Director Michael Bay explains why it was scary to shoot Transformers, at least at first. Released in 2007, Bay’s first film in the franchise marked the beginning of the saga, new parts of which continue to appear to this day. Transformers tells the story of Shia LaBeouf’s Sam Witwicky, who unwittingly becomes a key player in an ancient ongoing war between two factions of intelligent robots, the Autobots and the Decepticons. The film caused controversy among critics, but was a great success at the box office, earning more than $ 709 million.
Inspired by the Hasbro toy line of the same name, Transformers brings to life characters like Optimus Prime (Peter Cullen) and Megatron (Hugo Weaving) for the first time. The film’s budget was $147 million, and it featured groundbreaking visual effects work at the time, many of which are still well preserved. Transformers also has a talented supporting cast, including the likes of Megan Fox, Josh Duhamel, Tyrese Gibson, John Turturro, Anthony Anderson, Jon Voight, Rachel Taylor and Kevin Dunn.

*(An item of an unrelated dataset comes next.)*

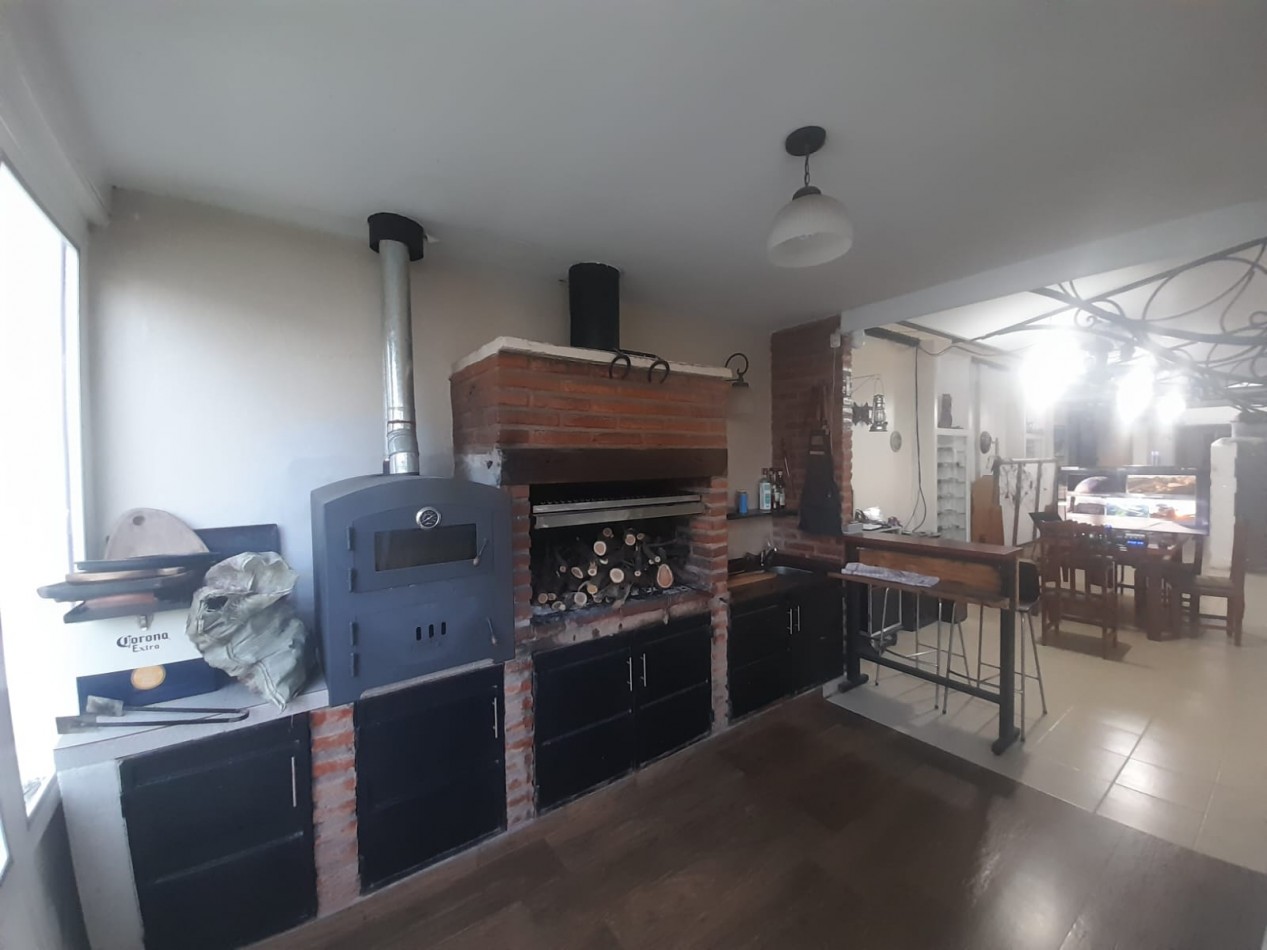 CASA DE 4 DORMITORIOS CON PILETA EN CRISOSTOMO 2700 APTA CREDITO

In a new interview with Yahoo, Bay reflects on how he worked on Transformers, recalling that at first he was really very scared. Bay explains that there was a lot of pressure to make the robots look real, because if they didn’t, the whole movie could fall apart. He also reports that he was initially skeptical about the idea of turning Hasbro toys into a movie with live actors, but viewing some finished frames with visual effects quickly dispelled these fears. Check out Bay’s full comment below:
“It was scary. Because if the robots didn’t look absolutely real, [the movie wouldn’t have turned out]. But we broke a lot of visual effects on this one.

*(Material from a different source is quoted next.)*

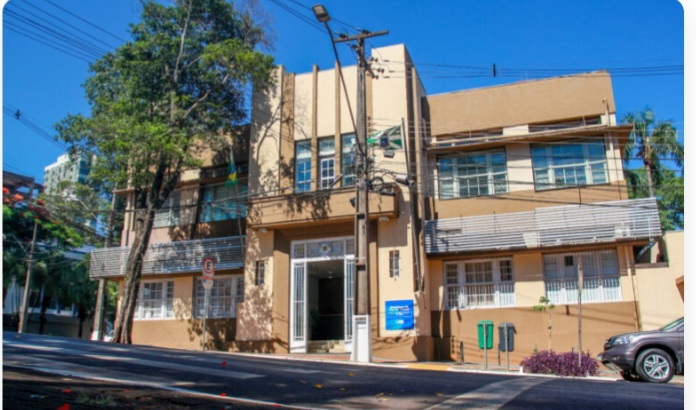 Prefeitura de Foz regulariza situação de servidores com pagamento histórico de retroativos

“[My friend Mike] says, ‘Bay, I don’t know anything about this Transformer thing. We drink beer, I’m like:”Yes, I know. It’s a little scary.” Then I showed him the first scene, the Scorpion jumping out of the desert right behind Tyreese. I showed him. He says, “Oh, good. Okay, now I get it.”

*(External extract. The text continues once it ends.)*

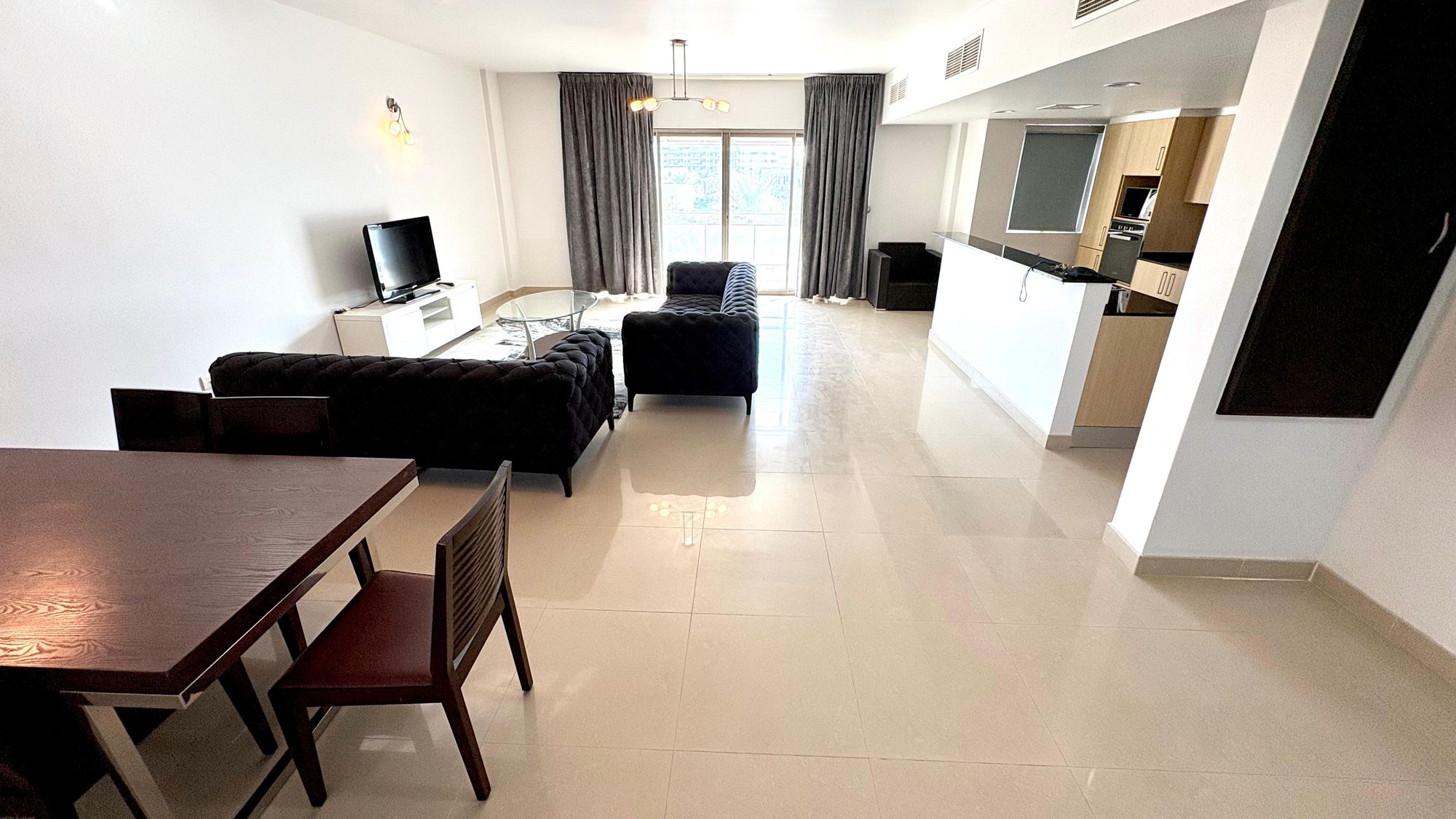 Two-Bedroom Apartment with Balcony in Muharraq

The first generation of Hasbro Transformers was introduced in the 1980s along with the original animated TV show, and both quickly became popular with children. Given that toys are so beloved and have such a strong presence in pop culture, it’s understandable that Bay would be nervous creating the first real-time version of the characters. While many have criticized aspects of the Transformers story and some of the film’s characters, few would deny that the film brought the Transformers character to life with impressive visuals.
Although later installments of the franchise, such as Transformers: The Last Knight, have largely failed to resonate with viewers, the original films featuring Labeouf are still a great success with many fans. Bay previously stated that he should have stopped making films about Transformers after the 2011 film “Transformers: The Dark Side of the Moon,” hinting that his time working on the franchise had come to an end. Despite the fact that Bay is no longer involved as a director, the seventh Transformers movie is in development under the direction of franchise newcomer Stephen Capel Jr., which means that a new era of Autobot and Decepticon stories may appear on the horizon.